------ Material provided ------

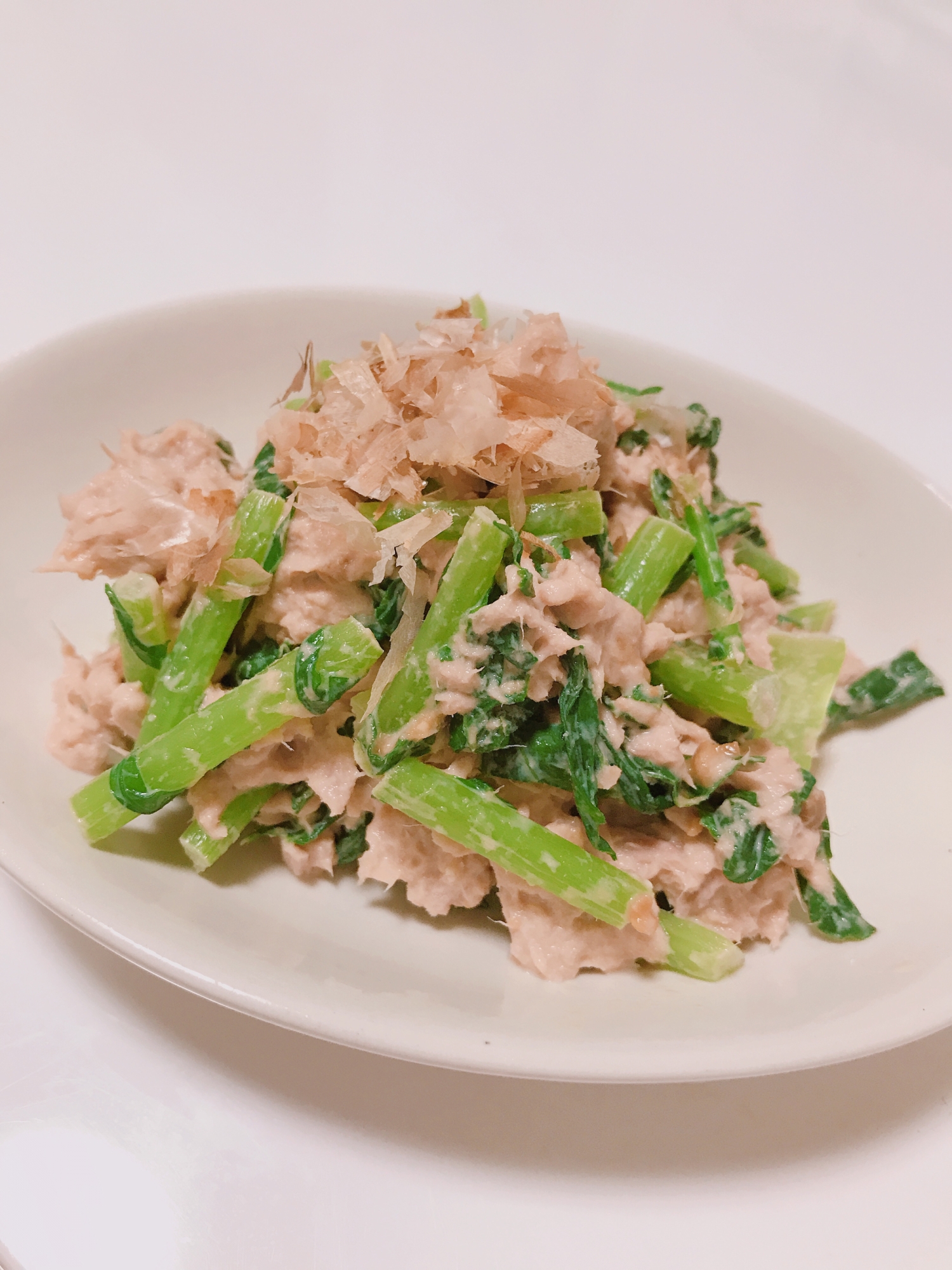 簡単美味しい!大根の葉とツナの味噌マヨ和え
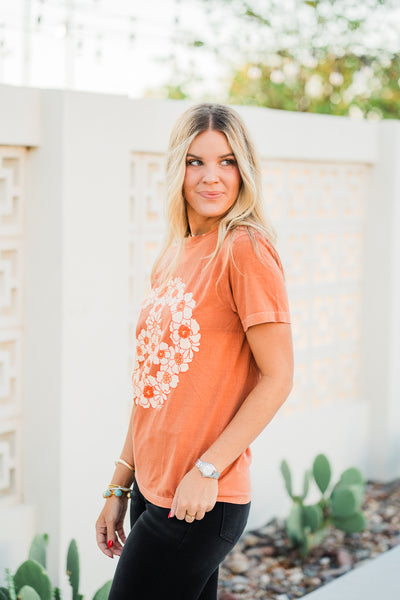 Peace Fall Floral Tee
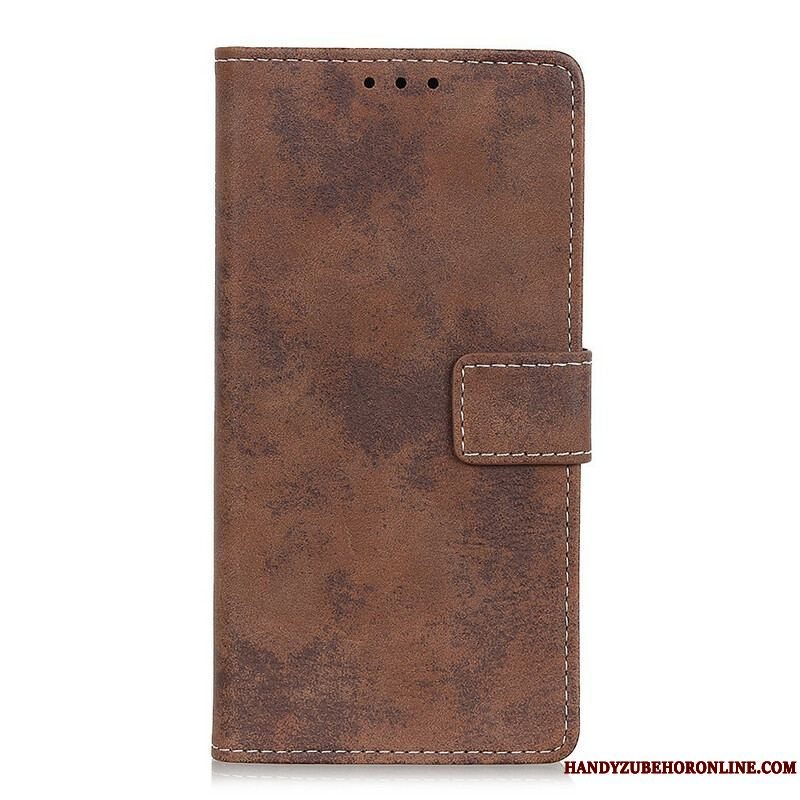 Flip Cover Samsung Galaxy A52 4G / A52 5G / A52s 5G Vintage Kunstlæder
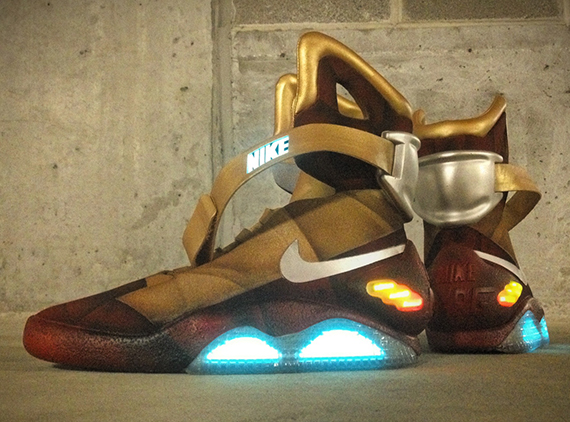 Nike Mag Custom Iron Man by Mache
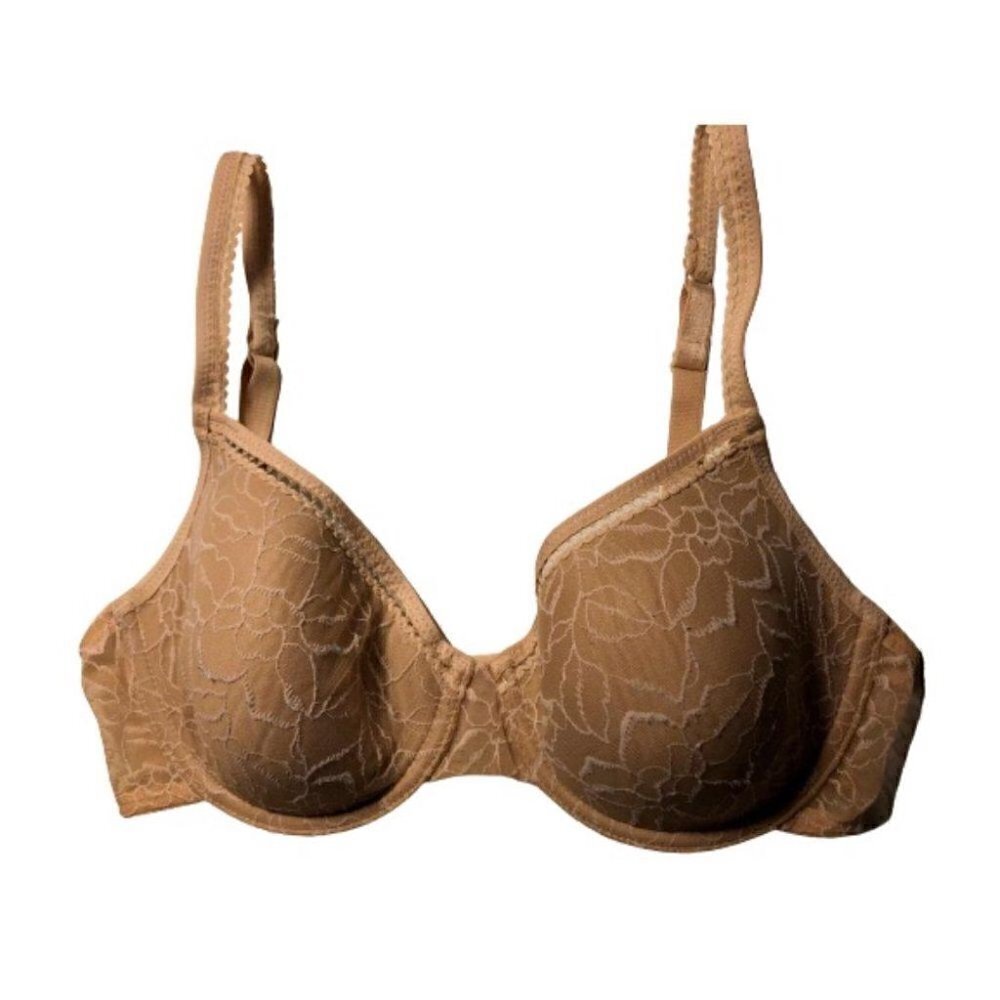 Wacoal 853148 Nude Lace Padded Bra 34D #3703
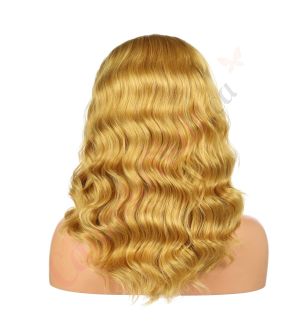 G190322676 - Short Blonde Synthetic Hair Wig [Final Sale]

------

- **What you have to do**: In the copy, every entry appears exactly as written above and no picture appears.

- **Answer section**:
 簡単美味しい!大根の葉とツナの味噌マヨ和え
 Peace Fall Floral Tee
 Flip Cover Samsung Galaxy A52 4G / A52 5G / A52s 5G Vintage Kunstlæder
 Nike Mag Custom Iron Man by Mache
 Wacoal 853148 Nude Lace Padded Bra 34D #3703
 G190322676 - Short Blonde Synthetic Hair Wig [Final Sale]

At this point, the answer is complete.